Spectacular jets
December 6, 2012 9:11 AM   Subscribe

Spectacular jets powered by the gravitational energy of a supermassive black hole in the core of the elliptical galaxy Hercules A (pdf) illustrate the combined imaging power of two of astronomy's cutting-edge tools, the Hubble Space Telescope's Wide Field Camera 3, and the recently upgraded Karl G. Jansky Very Large Array (VLA) radio telescope in west-central New Mexico.
posted by AElfwine Evenstar (30 comments total) 15 users marked this as a favorite
 
Oddly familiar...
posted by Sys Rq at 9:25 AM on December 6, 2012 [1 favorite]


Wow. Space is amazing.

Is it weird that I'm kinda terrified by this?
posted by MsVader at 9:27 AM on December 6, 2012


From the Youtube link ...

Far out in space, in the center of the seething cosmic maelstrom, extreme heat, high velocities -- atoms tear and space literally buckles. Photons fly out across the universe, energized to the limits found in nature.

I approve of this universe.
posted by philip-random at 9:39 AM on December 6, 2012


I was thinking "jets" as in "planes" and was all, "whoa".
posted by Legomancer at 9:44 AM on December 6, 2012 [1 favorite]

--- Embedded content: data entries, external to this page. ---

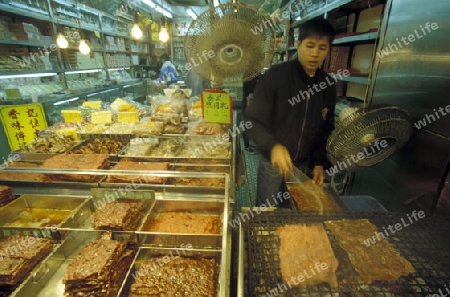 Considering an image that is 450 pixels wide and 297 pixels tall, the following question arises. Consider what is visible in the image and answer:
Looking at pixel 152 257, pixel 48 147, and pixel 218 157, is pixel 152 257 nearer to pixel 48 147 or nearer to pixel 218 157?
pixel 218 157

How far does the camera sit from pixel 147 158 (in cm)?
248

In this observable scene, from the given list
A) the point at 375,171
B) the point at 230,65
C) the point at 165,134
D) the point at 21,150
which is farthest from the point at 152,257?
the point at 375,171

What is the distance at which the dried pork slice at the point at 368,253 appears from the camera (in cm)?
117

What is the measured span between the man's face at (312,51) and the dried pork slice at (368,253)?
5.15 feet

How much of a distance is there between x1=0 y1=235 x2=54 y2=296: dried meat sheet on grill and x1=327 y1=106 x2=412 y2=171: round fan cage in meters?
2.06

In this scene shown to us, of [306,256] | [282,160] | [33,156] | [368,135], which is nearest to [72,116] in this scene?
[33,156]

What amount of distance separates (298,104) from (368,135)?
3.11 feet

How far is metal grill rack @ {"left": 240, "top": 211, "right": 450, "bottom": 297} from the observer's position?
1103 millimetres

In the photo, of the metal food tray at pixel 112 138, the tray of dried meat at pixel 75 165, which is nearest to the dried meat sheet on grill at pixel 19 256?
the tray of dried meat at pixel 75 165

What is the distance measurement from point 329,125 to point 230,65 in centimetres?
132

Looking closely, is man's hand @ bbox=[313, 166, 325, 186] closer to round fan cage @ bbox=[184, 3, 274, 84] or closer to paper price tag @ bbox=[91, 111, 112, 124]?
round fan cage @ bbox=[184, 3, 274, 84]

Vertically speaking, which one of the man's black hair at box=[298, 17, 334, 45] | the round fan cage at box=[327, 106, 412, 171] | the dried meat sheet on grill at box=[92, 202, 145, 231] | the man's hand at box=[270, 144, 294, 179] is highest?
the man's black hair at box=[298, 17, 334, 45]

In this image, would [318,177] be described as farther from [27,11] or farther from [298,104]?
[27,11]

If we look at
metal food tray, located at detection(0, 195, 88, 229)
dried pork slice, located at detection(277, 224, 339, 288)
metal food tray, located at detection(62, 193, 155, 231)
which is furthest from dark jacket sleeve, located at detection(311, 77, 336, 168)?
metal food tray, located at detection(0, 195, 88, 229) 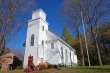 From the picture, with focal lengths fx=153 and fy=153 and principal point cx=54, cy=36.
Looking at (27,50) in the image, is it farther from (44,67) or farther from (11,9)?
(11,9)

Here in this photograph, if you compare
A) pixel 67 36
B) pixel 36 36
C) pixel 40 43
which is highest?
pixel 67 36

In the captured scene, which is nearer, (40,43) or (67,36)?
(40,43)

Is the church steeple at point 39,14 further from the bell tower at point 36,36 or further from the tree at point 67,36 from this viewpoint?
the tree at point 67,36

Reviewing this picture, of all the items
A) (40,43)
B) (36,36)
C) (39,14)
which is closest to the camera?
(40,43)

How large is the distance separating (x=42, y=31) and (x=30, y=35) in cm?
248

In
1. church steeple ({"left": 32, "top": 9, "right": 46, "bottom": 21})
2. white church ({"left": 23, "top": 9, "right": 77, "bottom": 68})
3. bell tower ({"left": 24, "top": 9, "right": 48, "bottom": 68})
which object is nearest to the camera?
bell tower ({"left": 24, "top": 9, "right": 48, "bottom": 68})

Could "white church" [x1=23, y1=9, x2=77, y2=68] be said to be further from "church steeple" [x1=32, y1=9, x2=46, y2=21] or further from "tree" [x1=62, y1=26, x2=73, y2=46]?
"tree" [x1=62, y1=26, x2=73, y2=46]

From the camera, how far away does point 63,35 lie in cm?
5591

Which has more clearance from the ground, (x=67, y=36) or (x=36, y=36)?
(x=67, y=36)

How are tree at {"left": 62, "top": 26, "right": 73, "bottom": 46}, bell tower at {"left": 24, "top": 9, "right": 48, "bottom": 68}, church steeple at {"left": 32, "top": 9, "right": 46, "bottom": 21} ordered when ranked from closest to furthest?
bell tower at {"left": 24, "top": 9, "right": 48, "bottom": 68} → church steeple at {"left": 32, "top": 9, "right": 46, "bottom": 21} → tree at {"left": 62, "top": 26, "right": 73, "bottom": 46}

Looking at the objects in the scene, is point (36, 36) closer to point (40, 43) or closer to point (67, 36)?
point (40, 43)

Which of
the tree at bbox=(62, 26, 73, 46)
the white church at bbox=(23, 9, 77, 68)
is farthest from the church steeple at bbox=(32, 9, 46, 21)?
the tree at bbox=(62, 26, 73, 46)

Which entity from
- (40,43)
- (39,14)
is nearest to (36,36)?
(40,43)

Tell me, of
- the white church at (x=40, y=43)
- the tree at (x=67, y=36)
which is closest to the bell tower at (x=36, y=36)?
the white church at (x=40, y=43) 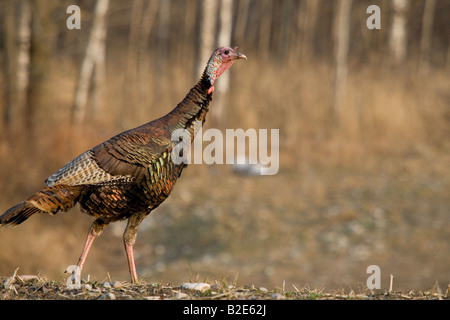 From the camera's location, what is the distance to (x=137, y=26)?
24.4m

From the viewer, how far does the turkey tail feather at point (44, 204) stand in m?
4.60

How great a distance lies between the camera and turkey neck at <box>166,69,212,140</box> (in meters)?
4.95

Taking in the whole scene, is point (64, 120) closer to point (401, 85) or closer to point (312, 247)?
point (312, 247)

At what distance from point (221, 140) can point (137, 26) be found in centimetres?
1338

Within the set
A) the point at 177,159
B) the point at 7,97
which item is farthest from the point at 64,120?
the point at 177,159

reminds me of a Brian Eno song
posted by philip-random at 9:49 AM on December 6, 2012


Is it weird that I'm kinda terrified by this?

Well normally I'd say no - it's a perfectly normal response, but on the other hand I'd have thought MsVader might be comfortably familiar with giant death beams in space.
posted by edd at 9:50 AM on December 6, 2012 [2 favorites]


oddly enough, i was just looking at the center of our own milky way galaxy...but my favorite picture has to be this gif of the black hole at its very center (small, b&w, 3rd from the bottom)...why my favorite? because it ISN'T shooting out supermassive jets of hot radioactive death. (srsly, this thing must be stopped!)
posted by sexyrobot at 9:51 AM on December 6, 2012 [2 favorites]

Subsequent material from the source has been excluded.